(Dataset extract begins)

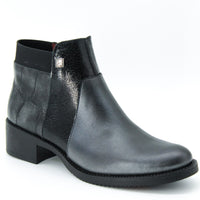 Jose Saenz 2182 Black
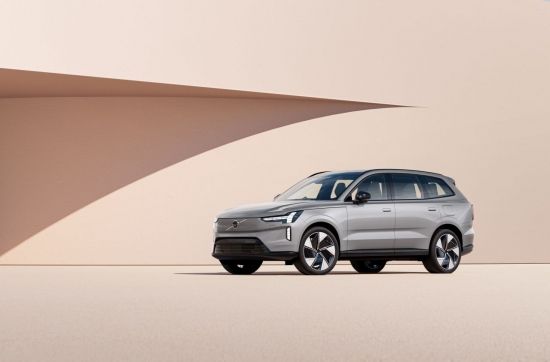 볼보코리아, 차세대 전기 플래그십 EX90·ES90 상·하반기 출시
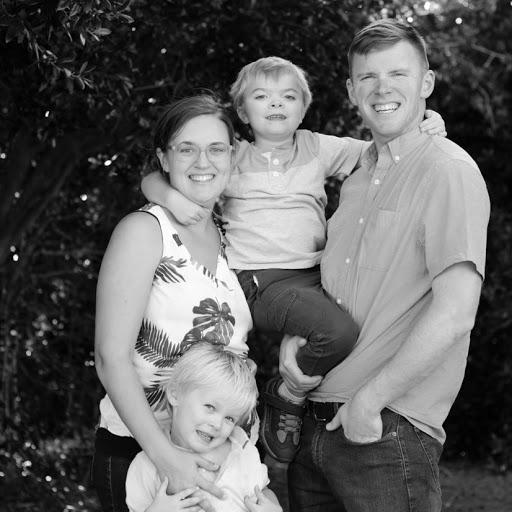 Lindsey Olson Photo 14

(Dataset extract ends)

◆ **Work task**
Copy the data exactly. Any picture it contains is to be omitted.

◆ **Output**
 Jose Saenz 2182 Black
 볼보코리아, 차세대 전기 플래그십 EX90·ES90 상·하반기 출시
 Lindsey Olson Photo 14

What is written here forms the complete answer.